Donald Trump has a long history of racism, xenophobia, and discrimination. Trump’s 2016 campaign infamously refused to denounce the public support of white supremacists like David Duke and Richard Spencer.
CNN: Trump defends former influencer convicted of election interference who has racist, antisemitic past
By Andrew Kaczynski, Allison Gordon, and Em Steck
Key Takeaways:
- In a video posted by his campaign in early December, Trump blasted President Joe Biden for allegedly trampling on the First Amendment rights of Douglass Mackey, a longtime supporter of the former president who ran an anonymous, notorious Twitter account in 2016.
- Mackey, however, was under federal investigation for conspiracy to suppress votes in the 2016 presidential election during Trump’s administration. Mackey was charged seven days after Biden took office and convicted earlier this year. He was sentenced to seven months in prison but is currently out pending an appeal of his case.
- Mackey’s Twitter account at the time featured a slew of hateful content and he was ranked as 107th in a list of “election influencers” in the run-up to the 2016 election, according to an analysis conducted by the MIT Media Lab.
- On Twitter, Mackey had regularly shared racist caricatures of people of color, amplified demeaning stereotypes and belittled entire groups with racial slurs. He used the N-word in multiple posts, and he described Black people as “feral.”
- One post, for example, included a comment about decorating a cake with a Jewish slur, a reference to putting Jews in gas chambers and praise for Hitler.
- In another post, he hinted at retribution for Jewish Americans if Trump won the presidency in 2016.
- “The jews fear that Donald Trump is Hitler because they know that they have done great evil in America. They fear justice will be done,” he wrote in December 2015.
- CNN reviewed Mackey’s tweets on the Internet Archive Way Back Machine and Archive Today, but is sharing only a small subset of them due to their nature.
- In an interview with Tucker Carlson last month, Mackey described the content of his Twitter account as “pro-Trump, memes, jokes, all kinds of links, that kind of thing.”
- Jared Holt, an expert on extremism at the Institute for Strategic Dialogue, said Mackey’s popularity online was largely attributable to his peddling of hateful content.
- “Mackey deliberately escorted unfettered White supremacy and antisemitism into the online space surrounding the Trump 2016 campaign,” Holt told CNN.

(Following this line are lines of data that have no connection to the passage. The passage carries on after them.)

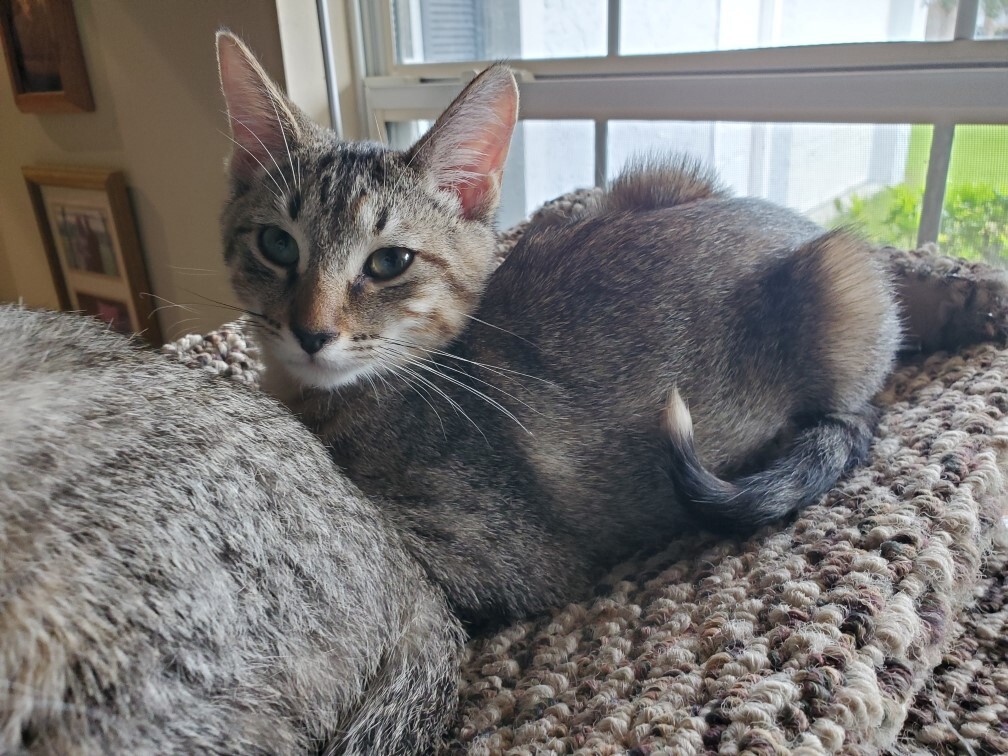 Tippi (w/Evie), an adoptable Tiger in Orange City, FL, 32763 | Photo Image 4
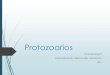 Protozoarios y mastigoforos (generalidades)-Trichomonas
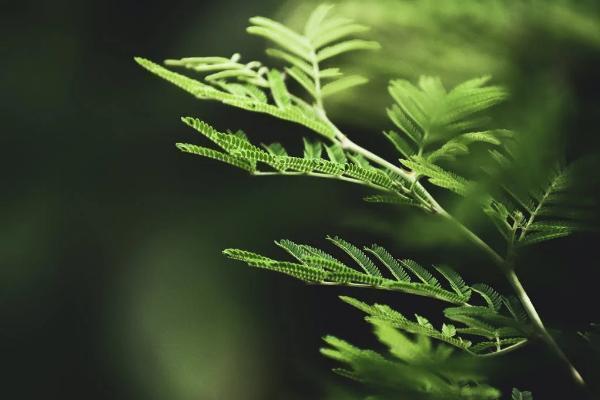 泰康在线保险退保的钱要多久下来，流程是什么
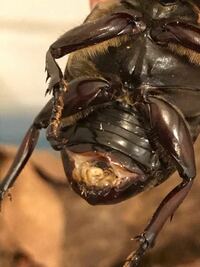 これは羽化不全でしょうか 幼虫から育てていたカブトムシが一昨日 Yahoo 知恵袋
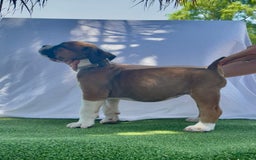 South African Boerboels dogs for sale: Galloway Girl - Image 2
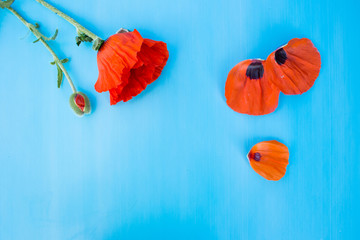 poppy flower on a blue background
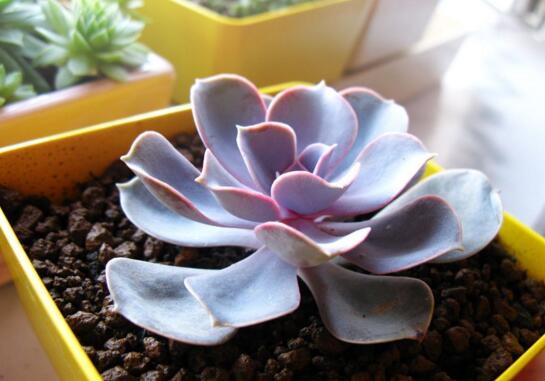 紫珍珠多肉如何爆头，合理砍头让紫珍珠爆头疯长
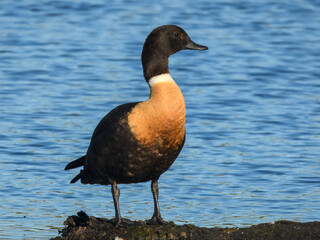 Australian Shelduck	(Tadorna tadornoides) in Australia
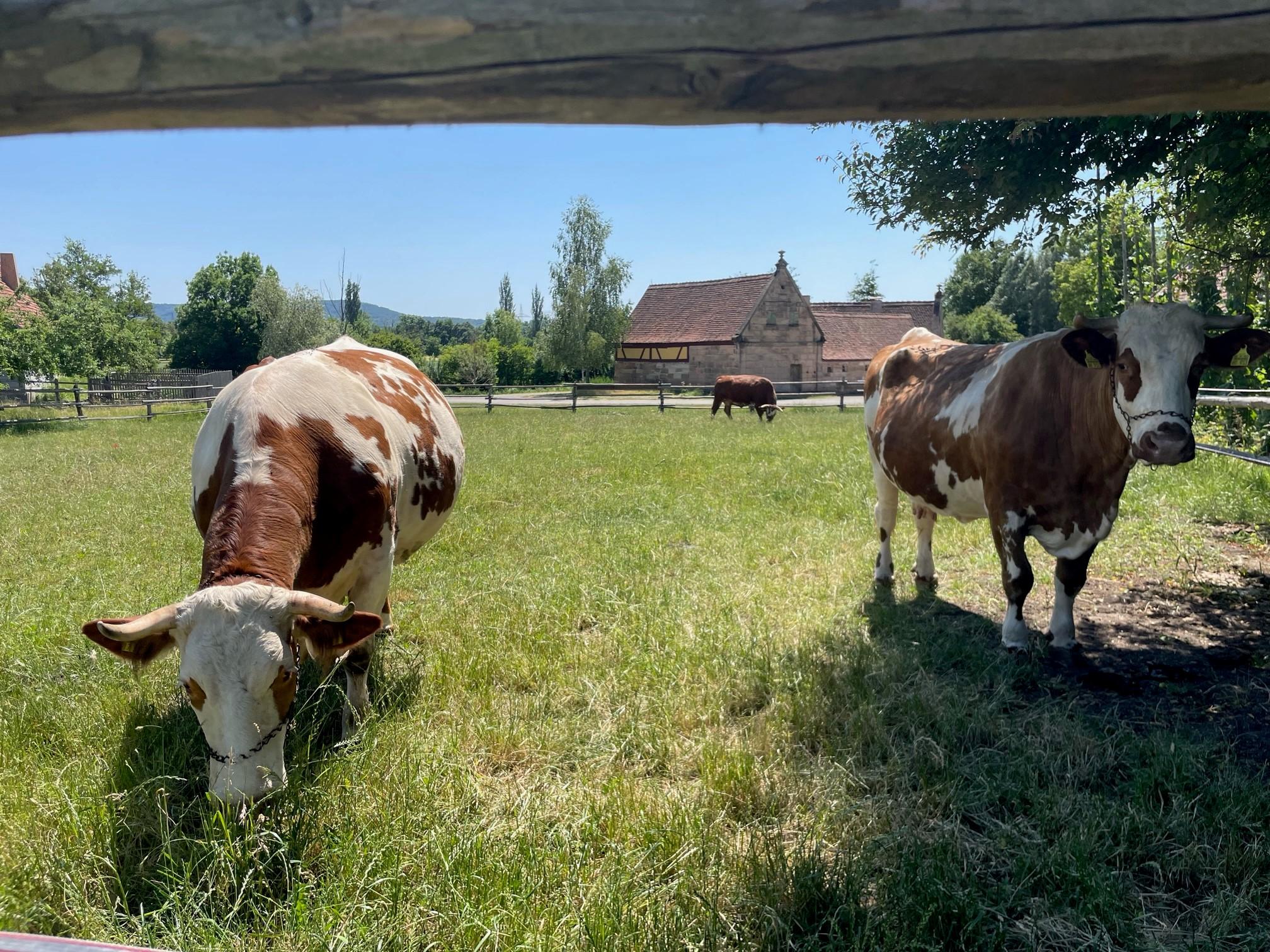 Sie genießen dabei einen Blick auf die Silhouette der Bad Windsheimer Altstadt und den Museumsbauernhof.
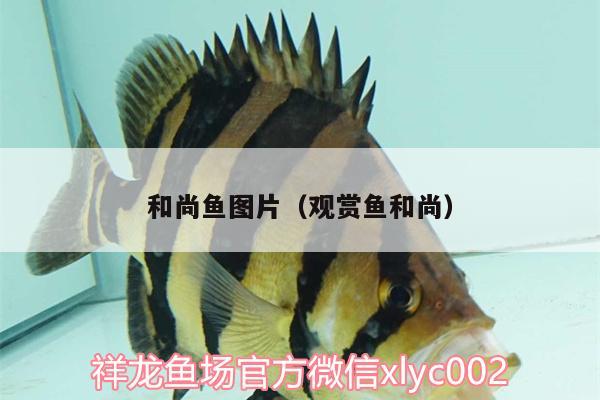 和尚魚圖片（觀賞魚和尚）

- “That Trump and his allies have turned Mackey into a martyr is disgraceful, and the complete indifference his supporters have shown to championing a hate-monger is concerning,” Holt said. “The ease at which Mackey has been falsely portrayed as a simple, well-meaning man makes me worry that there is no sort of gatekeeping or self-enforcement happening in the Trump movement anymore.”